The lessons learnt from this pandemic give the EU the opportunity to be better prepared against future pandemics and other biothreats, such as emerging diseases and deliberate release of biological agents by bioterrorists or rogue state actors. Unfortunately, some of these continuing threats have the potential to be more devastating than COVID-19. The spread of emerging diseases is also being driven by climate change, as more extreme events such as flooding and global warming make our citizens more vulnerable to new and existing diseases. For example, some insects that carry pathogens can move further into European territories as migration patterns are altered due to temperature changes.

Key to the success of HERA will be the cooperation of the member states

Key lessons learnt are a requirement for more coordination and focus on preparedness and response at the EU level, ensuring adequate reserves of medical countermeasures are available for known and future threats, robust deployment mechanisms are established, and supply chains are strengthened. In addition, there needs to be a recognition of the need to closely cooperate and engage with industry as part of future preparedness so that relationships based on trust are established ahead of future emergencies which will improve cooperation in crisis mode.

The European Health Emergency Preparedness and Response Authority (HERA) has been established by the European Commission in response to the pandemic to implement the lessons learnt. It will focus, coordinate and drive the extensive capabilities and expertise of EU members states, EU agencies, Centres of Excellence, the Commission Directorates-General and industry in preparing and responding to cross-border health emergencies, such as pandemics and other biothreats in the future.

It will provide an EU ‘end-to-end’ preparedness and response capability by ensuring that health threats are thoroughly assessed, medical countermeasures, such as vaccines and therapies, are developed, procured and stockpiled in response to these threats. In parallel, autonomous manufacturing and supply chains will be established to provide robust distribution and deployment mechanisms to enable equitable availability across all member states.

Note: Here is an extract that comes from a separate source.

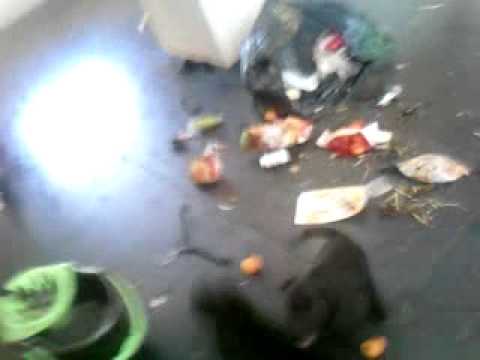 labrador puppies destroy house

Key to the success of HERA will be the cooperation of the member states, as well as utilising and strengthening the expertise and capabilities of some of the EU institutions, such as the European Centre for Disease Prevention and Control (ECDC) and the European Medicines Agency (EMA). EU legislation is currently being negotiated to strengthen the scope and capabilities of both organisations so that they become pivotal to HERA’s instruments against future biothreats.

Infectious disease and bioterrorists do not respect politics or borders

The ECDC is being strengthened to enhance surveillance and epidemiological capabilities to provide early warning and risk-managing recommendations to guide HERA on threat assessment and any gaps in available medical countermeasures. It will also reinforce the contribution to the EU’s international cooperation and development, as well as EU commitment to global health security preparedness, especially via the Health Task Force which can be deployed to the crisis-affected areas.

The EMA will remain the centralised regulatory authority for approval of medicines within the EU and will be independent of HERA. It will be key in ensuring that streamlined regulatory processes are in place for the approval of medical countermeasures for stockpiling purposes and to be employed during health emergencies. However, one of the lessons learnt from the pandemic is that even when a vaccine is approved at EU level, member states still have their own regulatory authorities which may impose additional requirements, such as restrictions for certain age groups. This led to divergence in the use of an EMA-approved vaccine across some member states, and this is an area where HERA can assist in harmonising the regulatory process. Another point to consider is that HERA and the EMA need to interrogate the global landscape for approved products when assessing the availability of medical countermeasures as they may be suitable for approval and procurement in the EU without the need to invest considerable resources to develop and manufacture within the EU.

The establishment of HERA by the Commission is a very positive step in helping the EU to better prepare and respond to future pandemics, emerging disease and bioterror threats. It provides an opportunity to reshape the enormous expertise, resources and capabilities in EU public and private sectors to meet the challenges of future biothreats. HERA could also present itself as the platform for the EU’s ‘voice’ in leading the global effort against biothreats going forward.

We need to be mindful that this is a long-term commitment requiring ongoing cooperation and investment. Political and national memories can be short, but infectious disease and bioterrorists do not respect politics or borders.